(Caption-style text data)
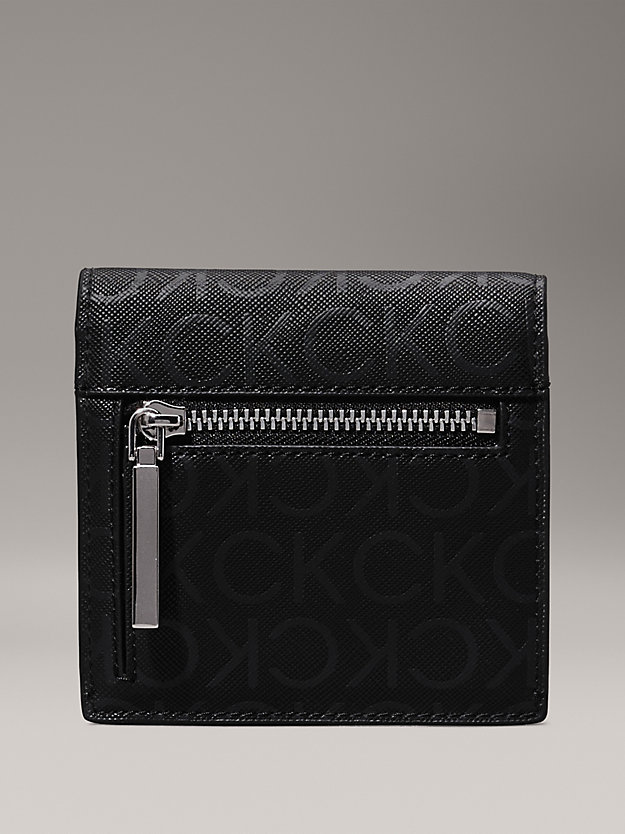 Small Logo Trifold Wallet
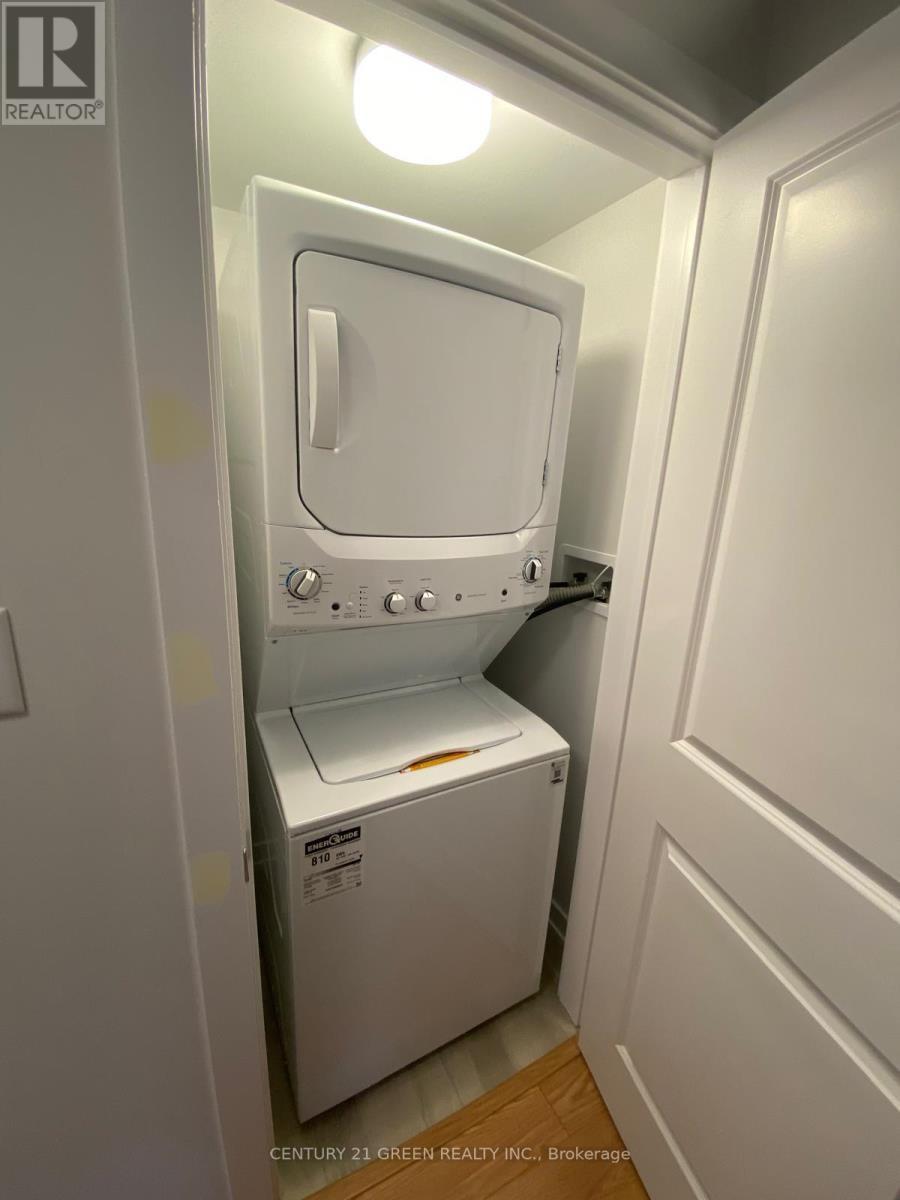 Lower - 29 Danielle Moore Circle, Toronto, ON - Indoor Photo Showing Laundry Room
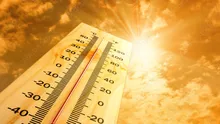 România traversată de un nou val de caniculă. Capitala și marile orașe, sub temperaturi sufocante până cel puțin pe 19 august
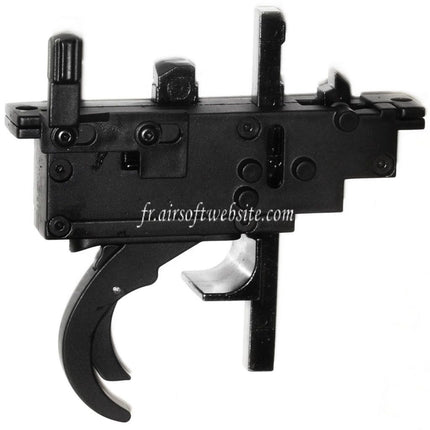 CYMA Métal Gâchette Ensemble Convient pour CM706 L96 Type Sniper Fusil Airsoft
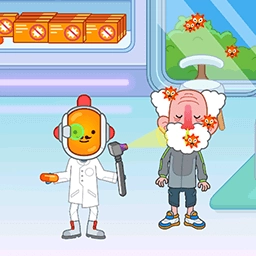 未来都市模拟器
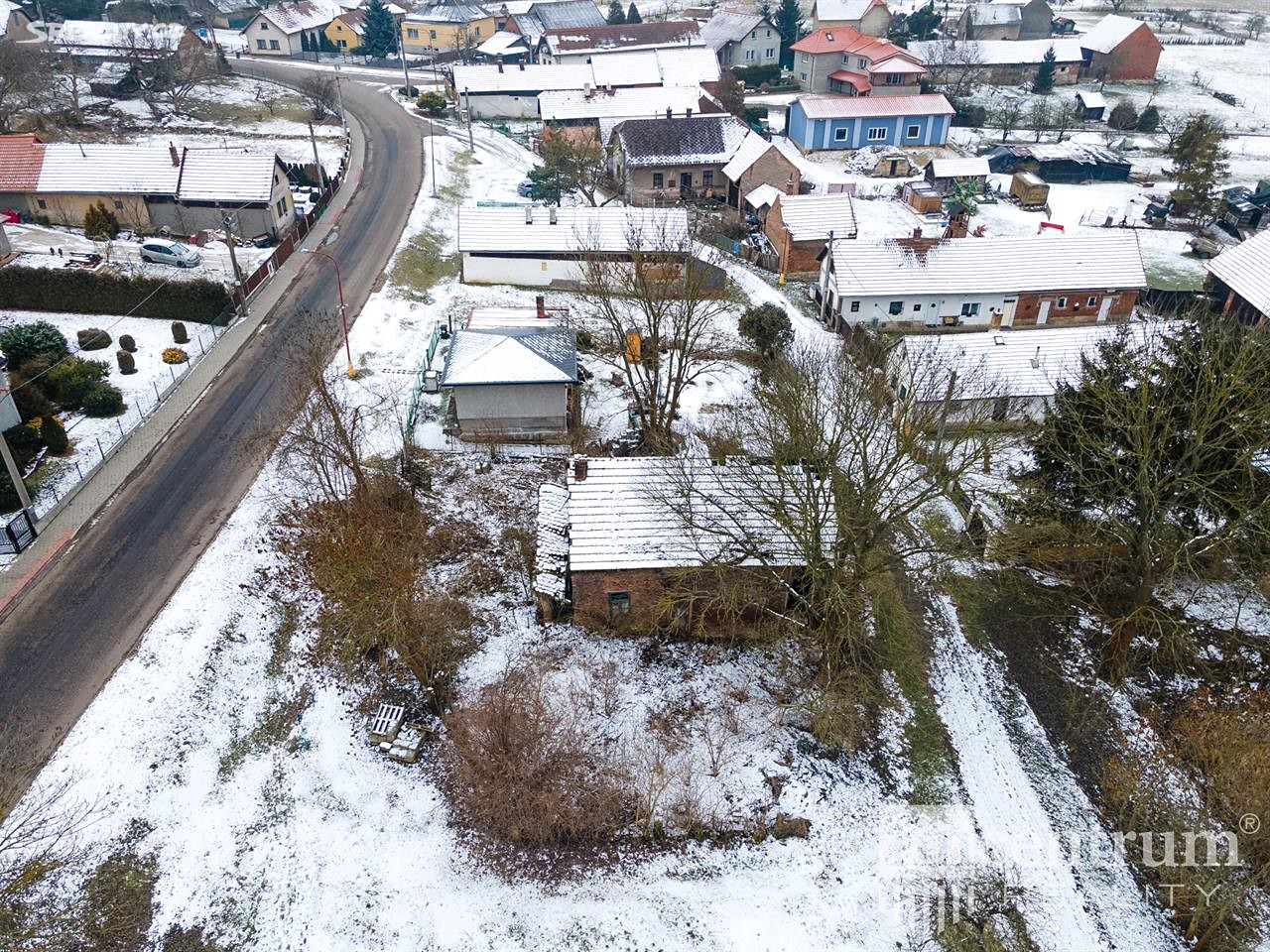 Prodej  stavebního pozemku 421 m², Smidary - Loučná Hora, okres Hradec Králové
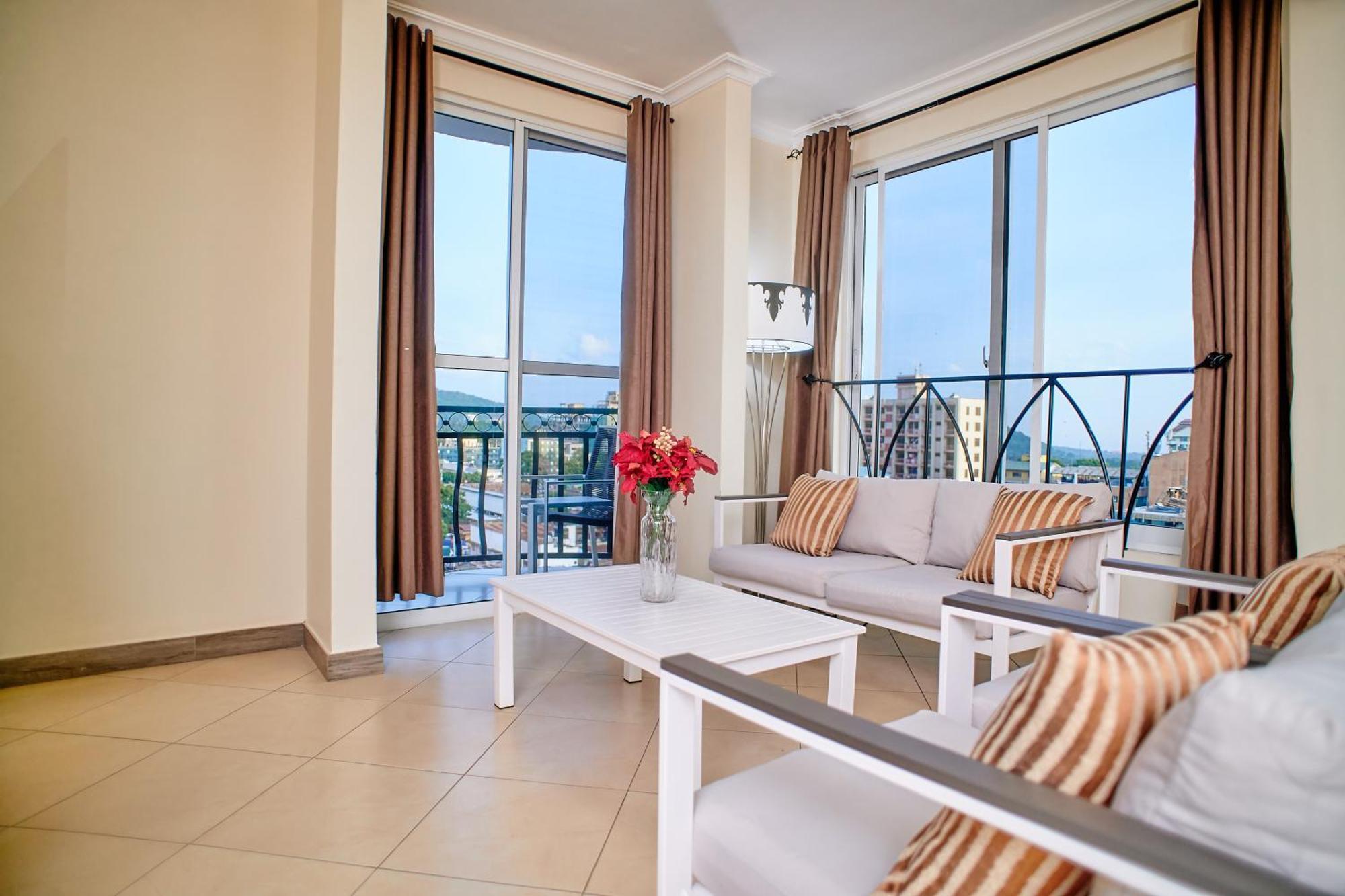 Hil Venture Apartment Arusha Exterior photo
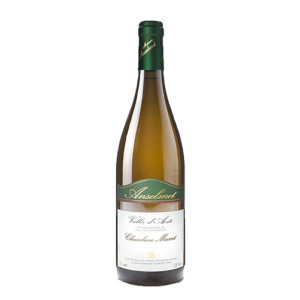Laciviltadelbere Valle d’Aosta Vin Blanc "La Touche" Anselmet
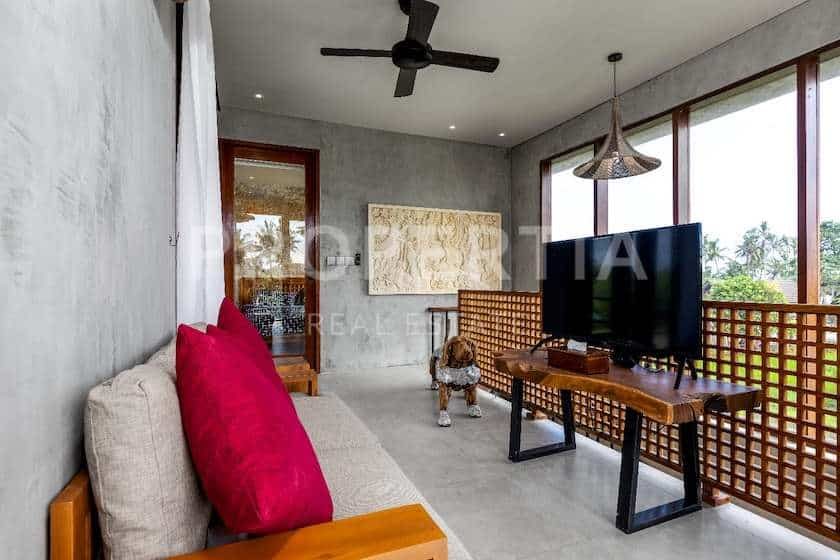 4-bedroom freehold villa in Seseh/Cemagi — photo 4 of 5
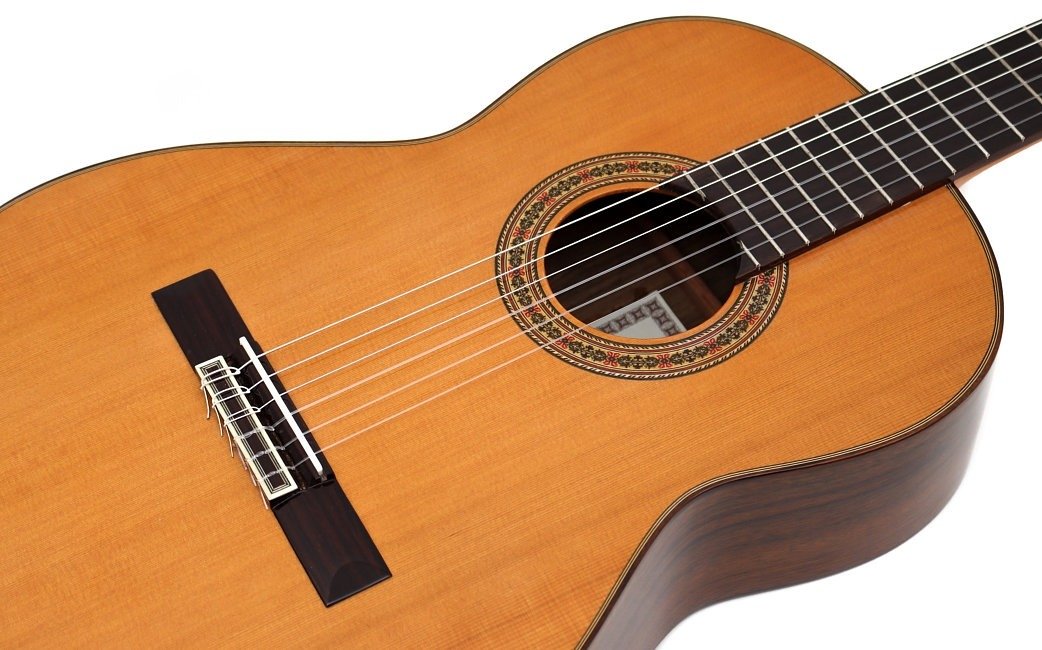 Классическая гитара Esteve 7SM CD OP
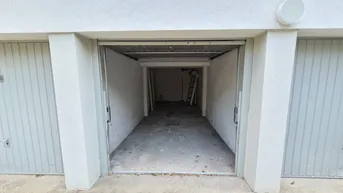Expose Lagerbox mit ca. 16qm Stellfläche!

● Problem statement
Could you please write out exactly the lines from the start of the entries above through the line that holds "Hil Venture Apartment Arusha Exterior photo", both included, with no pictures?

● Answer to the problem
 Small Logo Trifold Wallet
 Lower - 29 Danielle Moore Circle, Toronto, ON - Indoor Photo Showing Laundry Room
 România traversată de un nou val de caniculă. Capitala și marile orașe, sub temperaturi sufocante până cel puțin pe 19 august
 CYMA Métal Gâchette Ensemble Convient pour CM706 L96 Type Sniper Fusil Airsoft
 未来都市模拟器
 Prodej  stavebního pozemku 421 m², Smidary - Loučná Hora, okres Hradec Králové
 Hil Venture Apartment Arusha Exterior photo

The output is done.